Selon ses projections, un pays dans lequel les exportations de matières premières représentent plus d’un quart du Produit national brut (PNB) a vingt fois plus de chances de sombrer dans un conflit qu’un pays qui n'en exporte pas. La redistribution plus équitable des richesses tirées du pétrole constitue, d’ailleurs, l’une des principales revendications des différents groupes rebelles tchadiens.

"Le problème, ce n’est pas le pétrole mais ce que vous en faites"

Michel Wormser, directeur des opérations pour la région Afrique à la Banque mondiale, reste convaincu du bien-fondé de l’expérience. "Un nombre croissant de pays africains font appel à la Banque mondiale pour demander conseil, pour s’assurer que l’exploitation de leurs ressources se traduise par des bénéfices en terme de développement, à l'instar du Botswana qui était un pays très pauvre mais qui a réussi dans les trois dernières décennies à transformer son économie grâce à ses ressources minières." Mais, "un tel accord ne peut réussir que si le pays témoigne d’un réel engagement", ajoute-t-il.

"Le problème, ce n’est pas le pétrole mais sa gestion", reconnaît Philippe Copinschi.
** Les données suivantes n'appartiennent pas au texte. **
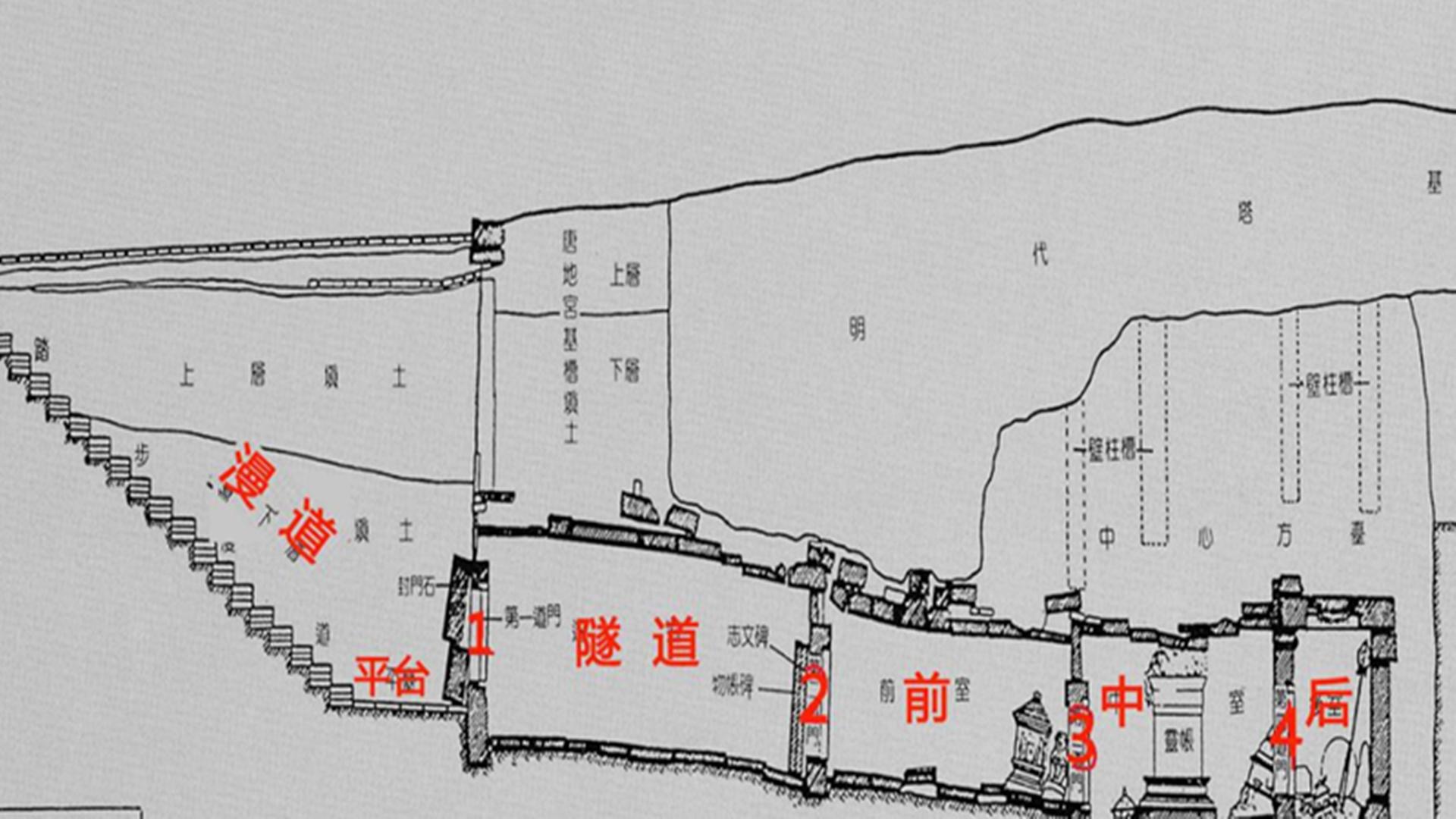 连皇帝都得跪着进去的法门寺地宫，到底隐藏了多少秘密？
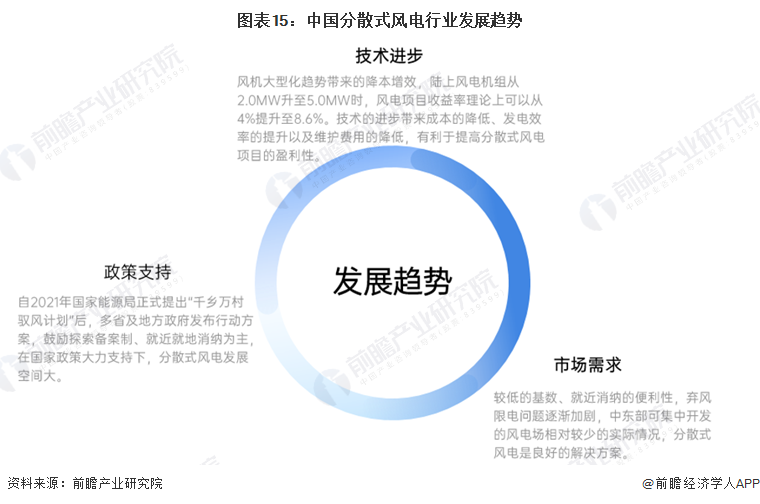预见2024：《2024年中国医用直线加速器行业全景图谱》（附市场规模、竞争格局和发展趋势等）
Mais pour que le partenariat fonctionne, "il faut des capacités institutionnelles et une volonté politique que l’Etat tchadien n’a pas."
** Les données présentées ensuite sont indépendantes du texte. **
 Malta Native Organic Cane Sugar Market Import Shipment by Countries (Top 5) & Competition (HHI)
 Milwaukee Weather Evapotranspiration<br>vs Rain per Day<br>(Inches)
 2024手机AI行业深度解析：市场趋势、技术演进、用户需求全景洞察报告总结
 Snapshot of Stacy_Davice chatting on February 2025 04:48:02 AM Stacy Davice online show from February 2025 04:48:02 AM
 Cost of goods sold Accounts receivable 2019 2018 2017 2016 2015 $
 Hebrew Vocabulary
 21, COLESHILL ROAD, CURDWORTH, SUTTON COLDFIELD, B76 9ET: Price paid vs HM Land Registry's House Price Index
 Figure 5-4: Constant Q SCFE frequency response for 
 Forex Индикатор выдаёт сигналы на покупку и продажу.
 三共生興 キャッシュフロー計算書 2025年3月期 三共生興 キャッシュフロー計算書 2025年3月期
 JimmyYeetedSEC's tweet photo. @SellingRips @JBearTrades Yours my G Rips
L’échec de l’expérience tchadienne pourrait constituer une vraie leçon pour la Banque mondiale. "L’institution commence à comprendre que pour développer un pays il faut des structures étatiques qui soient déjà en place", commente l’économiste français.

Reste à savoir si la Banque mondiale est réellement prête à remettre en cause le dégraissage des administrations nationales qu’elle prône depuis les années 1980. Une époque où il était de bon ton de penser que seules les forces du marché pouvaient pallier aux besoins d’éducation et de santé.